В санях она сидела рядом со мной, часто поглядывала на меня, и в ее взгляде опять было прежнее смущение и серьезность. У ее дома, где мы сходили, она шепнула, слезая с саней: «Прихоти на прут в тевять».
Вот так и началась эта первая… не любовь, нет, какая же тут любовь!.. ну, дружба, что ли, хотя и друзьями мы никогда не были, всегда ссорились. Даже в ту первую встречу поссорились сразу.

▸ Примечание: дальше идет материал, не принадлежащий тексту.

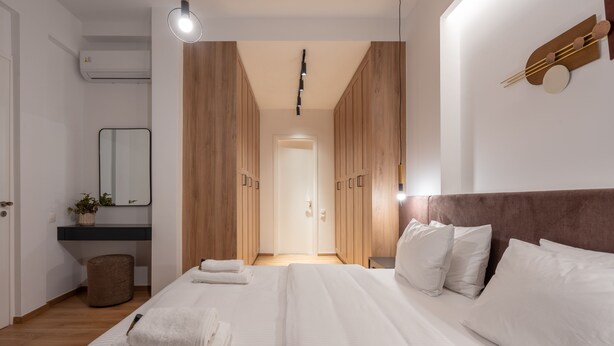 A modern bedroom with a large bed, wooden wardrobe, a bedside table, and a mirror.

Когда я пришел на берег пруда, как условились, в девять вечера, ее еще не было и я топтался на морозе, как идиот, минут десять, если не больше. А она пришла нарядная, разрумянившаяся, дышит часто, будто за ней собаки гнались, и — чмок меня в щеку:
— Страствуй, — говорит.
Вот тебе на! Весь день виделись, недавно разошлись — и «Здравствуй»!
— Привет, — сказал я. — Почему это мне надо стоять на холоде столько времени?
— Парышня всекта прихотит на свитанье после кавалера.
Вот это здорово: она, значит, барышня, а я уже кавалер. Чудеса!
— Ну и что мы теперь станем делать? — спросил я с неловкостью и беспокойством.
— Кулять! — Она взяла меня под руку.
Гулять! Хорошенькое гулянье, когда снегу тут по колено, а улицей не пойдешь — взрослых можно встретить, смеяться станут, матери еще скажут.
Но Лида повела меня именно в улицу. Мы шли молча и медленно — гуляли! — она все никак не могла отдышаться, и я догадался, что она волнуется, — может быть, тоже боится встреч со взрослыми, мать у нее строгая, задаст перцу этой «парышне».
Мы прошли молча всю улицу, слушая скрип снега под собственными шагами, и повернули обратно. Вначале мне было внове слышать ее сдавленное дыхание: со мной встретилась и волнуется! — но потом стало обидно: иду и молчу, как тюфяк какой, слова не могу придумать к случаю. И она, такая бойкая, озорная, только прижимает крепче мою руку да трудно дышит.